C’est à cette conclusion que parvient Freud, au terme d’une étude minutieuse qui lui permet de découvrir le lien étroit entre la religion d’Aton et la religion mosaïque, toutes deux monothéistes. (Je n’ai pas su comment transposer plastiquement cette partie très importante du livre.)
Puis viennent le Christ, Zoroastre, Alexandre le Grand, César, Mahomet, Tamerlan, Napoléon et l’enfant perdu »… Hitler. Sur la gauche, la merveilleuse Néfertiti, épouse d’Akhenaton ; j’imagine qu’en plus d’avoir été extraordinairement belle, elle a dû être comme un « trésor enfoui » et une très intelligente collaboratrice de son mari.
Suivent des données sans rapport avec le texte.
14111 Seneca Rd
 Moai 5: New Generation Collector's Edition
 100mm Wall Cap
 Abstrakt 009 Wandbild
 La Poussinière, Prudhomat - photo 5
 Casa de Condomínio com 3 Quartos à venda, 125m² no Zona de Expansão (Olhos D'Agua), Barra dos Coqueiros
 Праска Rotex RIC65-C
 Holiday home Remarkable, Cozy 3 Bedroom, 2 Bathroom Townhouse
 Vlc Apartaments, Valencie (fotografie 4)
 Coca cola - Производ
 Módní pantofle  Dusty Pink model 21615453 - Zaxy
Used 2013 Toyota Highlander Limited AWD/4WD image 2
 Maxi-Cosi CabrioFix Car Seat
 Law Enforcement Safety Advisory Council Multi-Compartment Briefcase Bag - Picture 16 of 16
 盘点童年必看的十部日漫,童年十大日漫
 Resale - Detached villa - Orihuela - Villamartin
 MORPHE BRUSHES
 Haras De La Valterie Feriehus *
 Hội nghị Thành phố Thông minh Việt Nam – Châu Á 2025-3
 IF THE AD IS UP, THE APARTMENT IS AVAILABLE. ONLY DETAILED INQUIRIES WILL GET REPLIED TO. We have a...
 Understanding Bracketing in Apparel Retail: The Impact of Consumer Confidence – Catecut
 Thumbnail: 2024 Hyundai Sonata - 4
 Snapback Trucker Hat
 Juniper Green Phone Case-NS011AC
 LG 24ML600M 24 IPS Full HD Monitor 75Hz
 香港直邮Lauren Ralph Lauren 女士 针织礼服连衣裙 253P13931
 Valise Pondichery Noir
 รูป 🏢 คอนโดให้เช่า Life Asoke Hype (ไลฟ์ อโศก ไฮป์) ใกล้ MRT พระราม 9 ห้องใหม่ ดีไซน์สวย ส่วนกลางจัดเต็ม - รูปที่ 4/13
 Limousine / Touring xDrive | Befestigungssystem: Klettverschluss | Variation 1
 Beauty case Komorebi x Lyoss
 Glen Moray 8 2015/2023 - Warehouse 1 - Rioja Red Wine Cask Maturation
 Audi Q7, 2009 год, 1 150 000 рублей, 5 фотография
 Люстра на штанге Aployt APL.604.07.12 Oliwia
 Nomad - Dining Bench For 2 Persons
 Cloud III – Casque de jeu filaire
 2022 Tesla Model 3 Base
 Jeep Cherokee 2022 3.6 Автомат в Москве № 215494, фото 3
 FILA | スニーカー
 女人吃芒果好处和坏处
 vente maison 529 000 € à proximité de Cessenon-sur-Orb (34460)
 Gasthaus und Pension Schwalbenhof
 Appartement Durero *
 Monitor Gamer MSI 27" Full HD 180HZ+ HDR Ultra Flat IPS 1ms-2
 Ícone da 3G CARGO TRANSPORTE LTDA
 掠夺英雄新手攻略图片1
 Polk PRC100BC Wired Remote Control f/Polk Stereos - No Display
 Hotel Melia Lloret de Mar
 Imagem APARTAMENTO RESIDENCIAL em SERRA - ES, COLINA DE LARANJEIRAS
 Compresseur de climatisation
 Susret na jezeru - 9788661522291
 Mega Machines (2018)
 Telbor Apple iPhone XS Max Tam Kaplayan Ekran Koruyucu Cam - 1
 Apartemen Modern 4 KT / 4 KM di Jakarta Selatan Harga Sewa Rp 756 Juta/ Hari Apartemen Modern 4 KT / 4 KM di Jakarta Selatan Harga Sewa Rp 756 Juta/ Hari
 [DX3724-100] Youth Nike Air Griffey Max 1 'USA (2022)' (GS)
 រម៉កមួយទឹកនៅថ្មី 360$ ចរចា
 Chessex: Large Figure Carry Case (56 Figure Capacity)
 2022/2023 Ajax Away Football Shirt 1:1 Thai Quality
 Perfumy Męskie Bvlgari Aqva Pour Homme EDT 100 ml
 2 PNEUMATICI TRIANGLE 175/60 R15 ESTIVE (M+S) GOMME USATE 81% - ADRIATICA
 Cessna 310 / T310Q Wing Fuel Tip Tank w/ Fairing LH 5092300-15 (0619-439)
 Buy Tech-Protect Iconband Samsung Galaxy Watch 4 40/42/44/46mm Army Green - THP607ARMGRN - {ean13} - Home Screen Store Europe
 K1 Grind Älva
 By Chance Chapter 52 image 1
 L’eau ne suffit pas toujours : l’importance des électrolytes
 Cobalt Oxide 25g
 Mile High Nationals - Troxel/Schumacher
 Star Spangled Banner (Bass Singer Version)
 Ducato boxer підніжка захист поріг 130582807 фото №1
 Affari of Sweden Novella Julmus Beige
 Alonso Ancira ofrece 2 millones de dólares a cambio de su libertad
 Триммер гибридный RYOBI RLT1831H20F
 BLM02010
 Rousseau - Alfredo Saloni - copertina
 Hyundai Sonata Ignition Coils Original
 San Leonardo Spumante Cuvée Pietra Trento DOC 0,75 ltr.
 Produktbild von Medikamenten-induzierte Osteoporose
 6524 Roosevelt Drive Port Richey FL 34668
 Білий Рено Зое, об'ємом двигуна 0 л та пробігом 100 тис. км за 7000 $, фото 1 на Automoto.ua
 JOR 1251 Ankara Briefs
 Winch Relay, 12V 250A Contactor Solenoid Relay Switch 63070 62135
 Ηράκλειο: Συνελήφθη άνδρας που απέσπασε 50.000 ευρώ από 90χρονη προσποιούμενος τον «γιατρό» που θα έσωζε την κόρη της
Bouddha, Marx, Freud, Paracelse, Épicure, Gengis Khan, Gandhi, Lénine et Staline. (L’ordre ne vaut pas grand-chose, mais je les ai peints d’après mes connaissances historiques, qui ne valent guère plus.)
Entre ces derniers et le « commun des mortels », j’ai peint une mer de sang, expression de la guerre, inévitable et féconde.
Enfin, la puissante masse des hommes, jamais appréciée à sa juste valeur, composée de bestioles en tout genre : les guerriers, les pacifiques, les scientifiques et les ignorants, les bâtisseurs de monuments, les rebelles, les porte-drapeaux, les porte-médailles, les parleurs, les fous et les sages, les gais et les tristes, les bien portants et les malades, les poètes et les sots, et toute la foule de ceux que vous aurez envie de voir exister sur cette puissante boule.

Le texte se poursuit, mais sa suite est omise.